Analyzing untargeted MS/MS-based metabolomics data using xcmsViewr

The xcmsViewer pipeline

The xcmsViewer package provides a pipeline for analyzing and visualizing the mass spectrometry-based untargeted metabolomics data. It emphasizes the following features:

A comprehensive pipeline from data preprocessing to statistical analysis The pipeline (as shown in Figure 1) includes data pre-processing using R/Bioconductor package xcms (i.e. peak picking, retention time alignment, feature identification and quantification. here is a tutorial.), feature annotation using public or in-house annotation database, statistical analysis using R and results visualization using R/Shiny.

Figure 1: The xcmsViewer data analysis pipeline.

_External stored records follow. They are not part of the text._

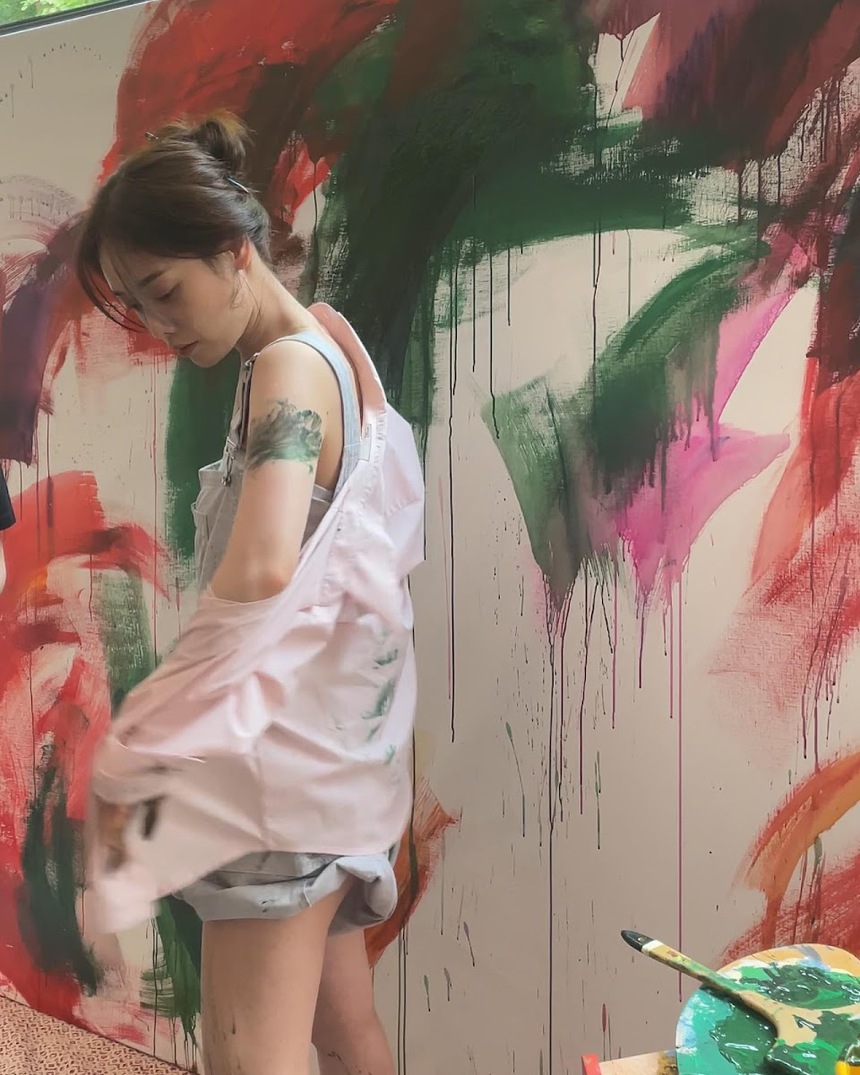 Song Hye Kyo và "ác nữ" xuống cấp từ nhan sắc đến sức khoẻ vì The Glory - Ảnh 5.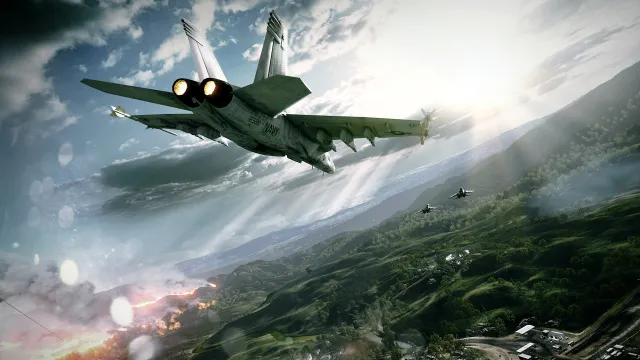 Battlefield 3™ - zrzut ekranu 1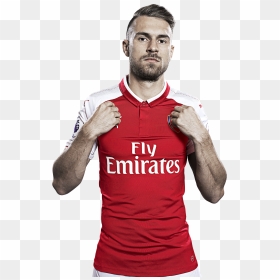Aaron Ramsey Png, Transparent Png - arsenal png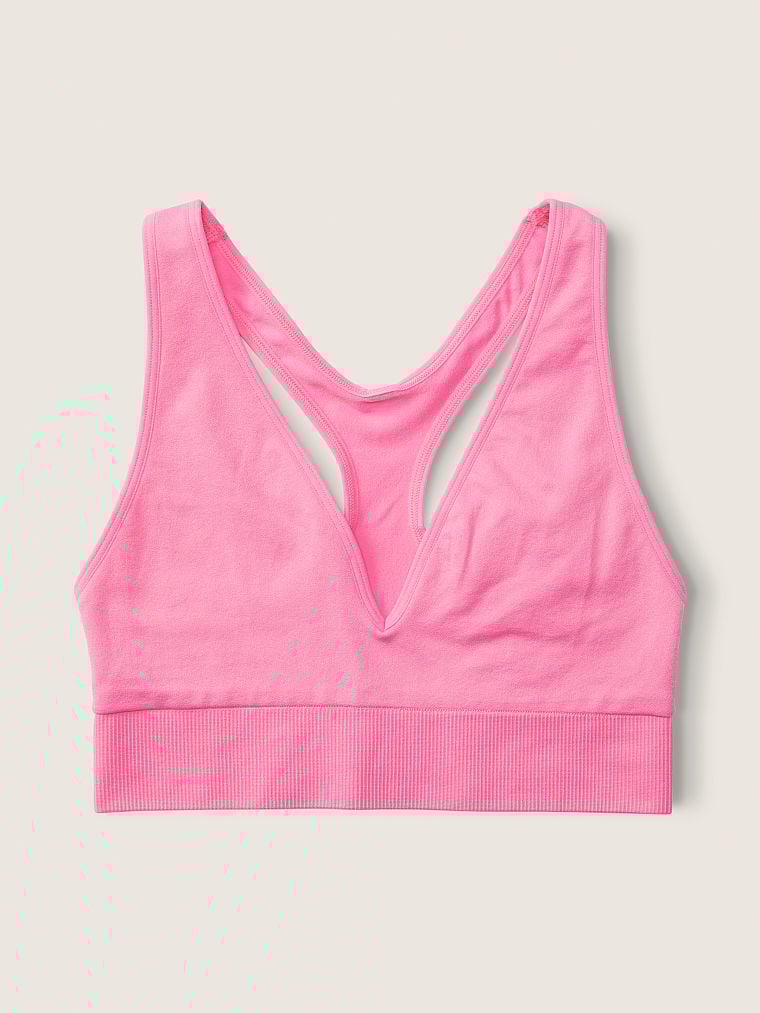 Bra-Bralette-Seamless-Plunge-Pink-11219213-5NPK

Integrated annotation database for metabolites identification The feature annotation (or identification of metabolite) is performed on both MS1 and MS2 levels. On the MS1 level, the mass of metabolites (by adding or removing certain adducts) are compared with the mass of known metabolites to annotate features. On the MS2 level, the MS2 spectra are compared with the spectra of known metabolites in annotation database. The annotation database provided along with xcmsViewer are compiled from HMDB (experimental spectra) and MSDIAL (all public MS/MS). Additionally, users can also create in-house database to annotate metabolites.
Expression matrix-centric The feature table returned by xcms is a matrix, where rows are features/metabolites, columns are samples, and the values in the matrix are the intensities of features/metabolites in each sample. Such a matrix is usually a starting point for the downstream statistical analysis, such as differential expression, feature selection, etc. Due to the immaturity of metabolomics data processing, we often need to check the chromatograms behind intensity and how well an MS2 spectrum matched a reference spectrum. In xcmsViewer, the “expression matrix” plays a central role in bridging the evidence of metabolite identification (e.g., chromatogram, spectra comparison) with statistical results (e.g., different expression).
Suitable for large sample sizes Instead of loading all files into memory, xcmsViewer processes raw files sequentially. In most of the steps, only one raw file is loaded into memory at a time for peak picking, so a large number of raw files could be handled with a less powerful computer.
Flexibility in statistical analysis and a separated viewer for statistical results visualization The xcmsViewer is seamlessly integrated into the R environment, therefore, it inherits the flexibility of statistical analysis given by R. Importantly, once the statistical analyses have been incorporated into the results, other users will be able to check it directly, with any need of coding.
Interactive visualization XcmsViewer visualizes features and samples in two-dimensional spaces defined by any statistical analyses used for prioritizing interesting candidates. Users can interactively select a subset of samples or features of interest. Downstream analyses (e.g., enrichment analysis, correlation analysis) are performed spontaneously in response to the selected features or samples. The interactive visualization enables fast hypothesis evaluation and generation.
Deliverable The processed data, together with the visualization using the Shiny app, could be delivered to the collaborator as standalone software or using shiny-server. Your collaborator will not need to install any program to explore the results.

Installation

The xcmsViewer is still under active development and available from github:

devtools::install_github("mengchen18/xcmsViewer")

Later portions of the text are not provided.